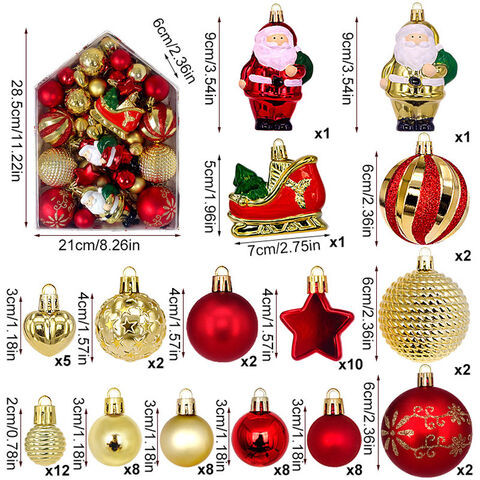 Bola Natal Baru 72 Pcs Kotak Berwarna Alien Liontin Bola Bundar Dekorasi Natal Dicat Set Bola Dekoratif Elektroplating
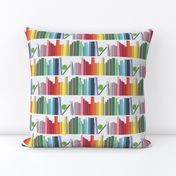 Rainbow Bookshelf with Appleon white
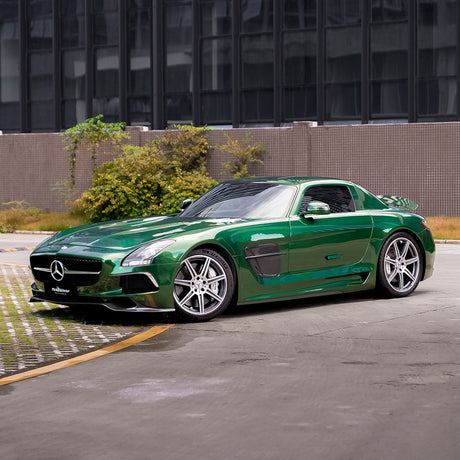 Mercedes SLS AMG fully wrapped in TeckWrap Phantom Green RB37-HD gloss vinyl, parked outdoors.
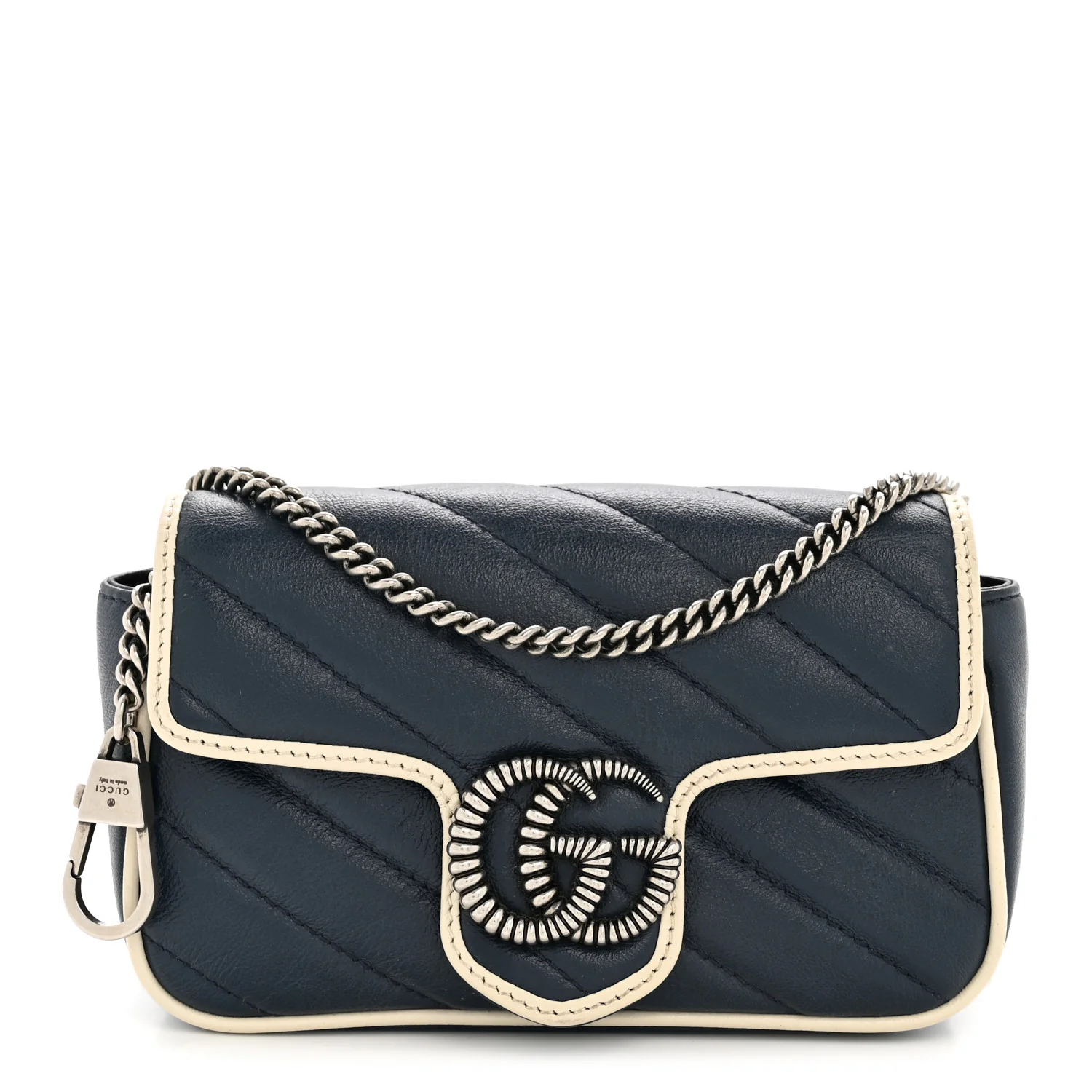 Vintage Effect Calfskin Matelasse Diagonal Super Mini Torchon GG Marmont Shoulder Bag Blue Agata Mystic White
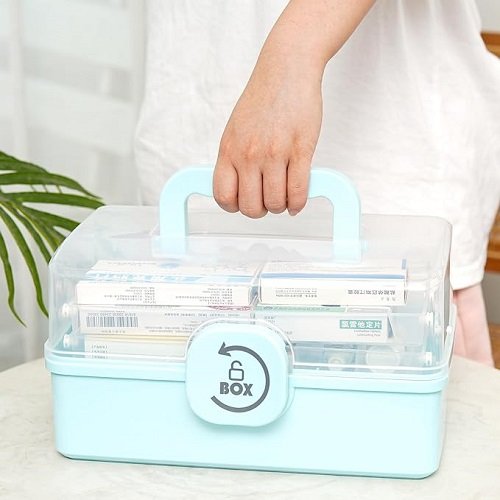 3 Layers Plastic First Aid Box with Portable Handle,Emergency Medicine Kit Case Organizer for Family,Office and Travel (Blue)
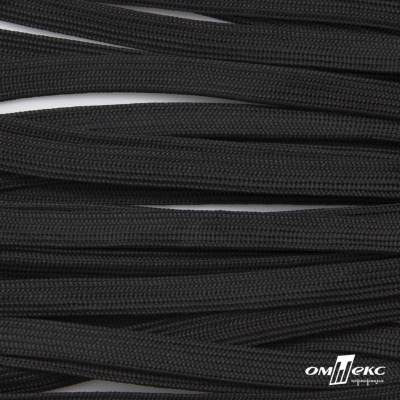 Шнур плетеный (плоский) d-12 мм, (уп.90+/-1м), 100% полиэстер, цв. - черный - купить в Улан-Удэ. Цена: 8.62 руб.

##########

■ EXERCISE DETAILS
Line by line, retype the records above exactly, minus the images.

■ ANSWER AREA
 Bola Natal Baru 72 Pcs Kotak Berwarna Alien Liontin Bola Bundar Dekorasi Natal Dicat Set Bola Dekoratif Elektroplating
 Rainbow Bookshelf with Appleon white
 Mercedes SLS AMG fully wrapped in TeckWrap Phantom Green RB37-HD gloss vinyl, parked outdoors.
 Vintage Effect Calfskin Matelasse Diagonal Super Mini Torchon GG Marmont Shoulder Bag Blue Agata Mystic White
 3 Layers Plastic First Aid Box with Portable Handle,Emergency Medicine Kit Case Organizer for Family,Office and Travel (Blue)
 Шнур плетеный (плоский) d-12 мм, (уп.90+/-1м), 100% полиэстер, цв. - черный - купить в Улан-Удэ. Цена: 8.62 руб.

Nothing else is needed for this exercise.